A closer look at the treatment of particular instances of self-defence yields a different picture though. Since the end of the Cold War, the harbouring doctrine has become the most common basis for asymmetrical self-defence claims. In assessing self-defence claims, States seem not to draw any principled distinction between instances of complicity on the one hand and broader doctrines on the other: in fact, prominent conflicts illustrating the trend towards asymmetry have involved self-defence in ‘ungoverned spaces’; by the same token, the United States’ reliance on the harbouring doctrine to justify Operation Enduring Freedom met with near-universal support. In other words, judging from its assessment to individual cases, the international community certainly seems prepared to accept (and has in the aftermath of 9/11 near-unanimously accepted) self-defence on the basis of broader doctrines in exceptional cases. This suggests that a more tenuous State nexus (below the level of active support) is not in principle excluded.

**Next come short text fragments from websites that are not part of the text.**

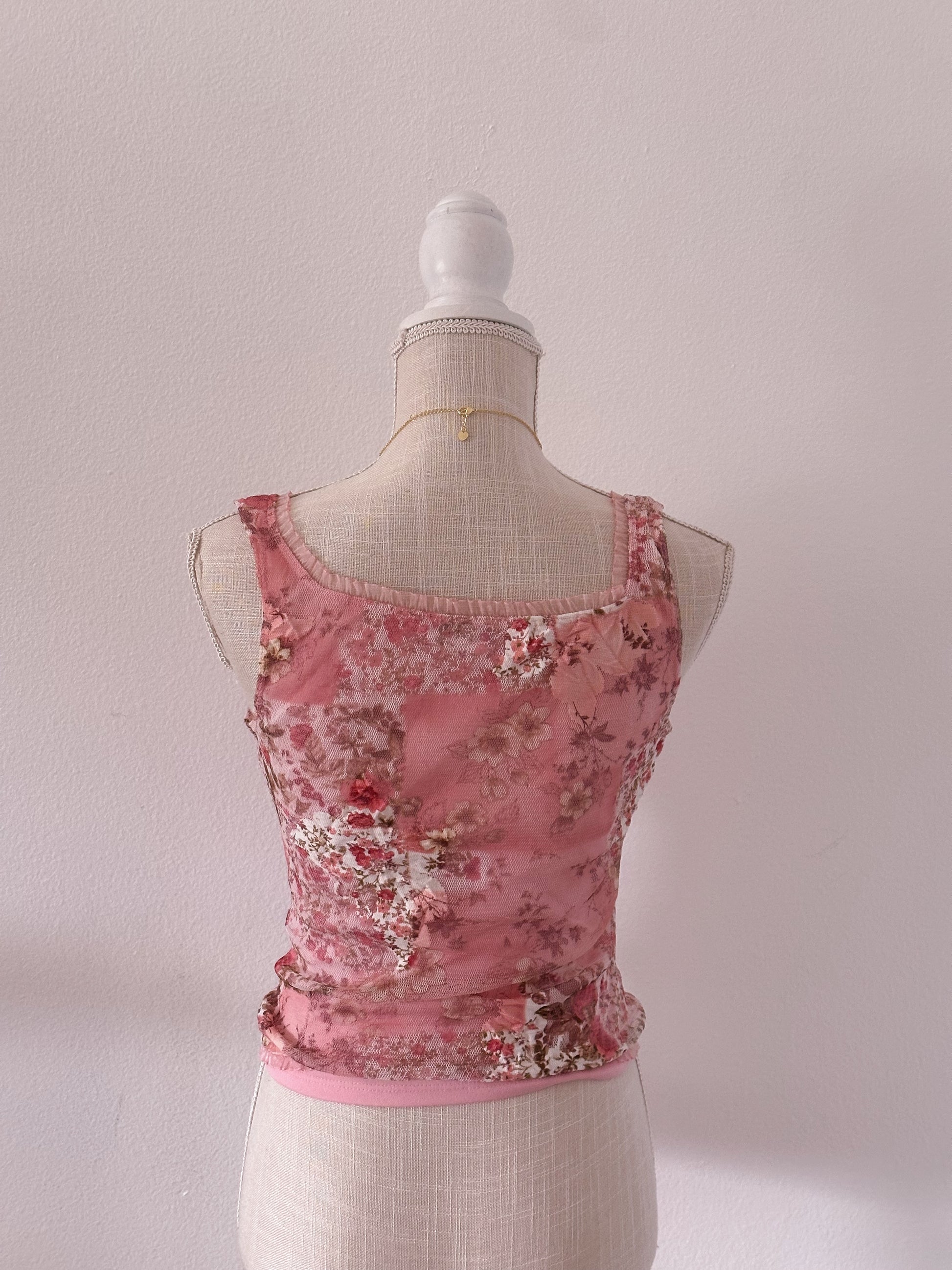 Vintage y2k Rave pink shabbychic floral bustier top size: XS/S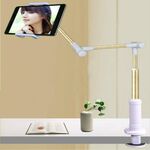 Supporto per telefono pieghevole a braccio lungo con rotazione a 360 gradi per tablet e telefono da 4-14 pollici (oro)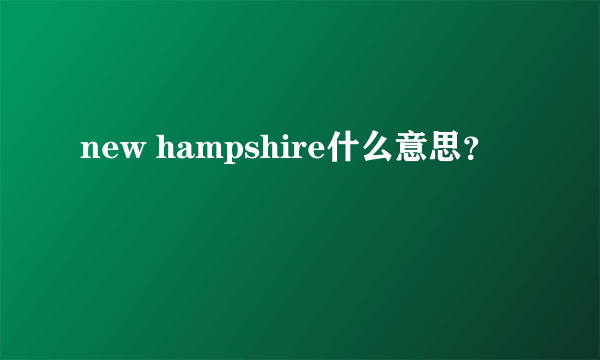 new hampshire什么意思？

The real question, then, is how such exceptional cases can be identified. Practice so far yields very few insights: as noted above, States seem to have been influenced by a broad range of contextual factors – from the credibility of the evidence to the magnitude of the threat – and the contours of the exception remain fuzzy. In light of these considerations, the current situation is perhaps best described as follows. In the recent practice of States, the possibility of self-defence on the basis of the ‘harbouring’ and ‘loss of effective control’ doctrines has not been generally admitted, but self-defence claims based on these doctrines have been tolerated or widely endorsed in a relevant number of individual instances.
V. Assessment and Concluding Thoughts
The preceding analysis illustrates how much is at stake in the major, narrow, long-standing and often confused debate about self-defence against non-State actors. Answers to the threshold question proceed from ‘no more than the words “armed attack”’,Footnote 410 but these two words are an integral part of the contemporary ius ad bellum, which is at the heart of the Charter and of the contemporary regime of international law. The analysis needs to reflect this; so it is perhaps no wonder that contributions to it (including this one) tend to be heavy and dense.
Long-standing, major debates rarely yield obvious answers. This one does not either. It takes more than a fair share of chuzpe to assert that one’s preferred ‘position [on the matter] cannot be seriously doubted’.Footnote 411 Of course it can, and of course it is: for decades, States, UN organs, courts and commentators have taken different views on whether (and under which conditions) self-defence could be invoked against attacks by non-State actors. Few of the answers given are obviously right or obviously wrong. There is room for disagreement; different views have no more than ‘varying degrees of legal merit’.Footnote 412
To admit as much should not be read as a ‘post-truthian’ suggestion that all things were equal: degrees of legal merit vary after all. The preceding analysis points towards a more convincing view. It suggests that under contemporary international law, self-defence is more than a right to respond to State attacks by another State. It can in principle be invoked against armed attacks by non-State actors, even though this possibility will often be subject to stringent conditions. The remainder of this concluding section summarises why this is so (A), and what it implies (B).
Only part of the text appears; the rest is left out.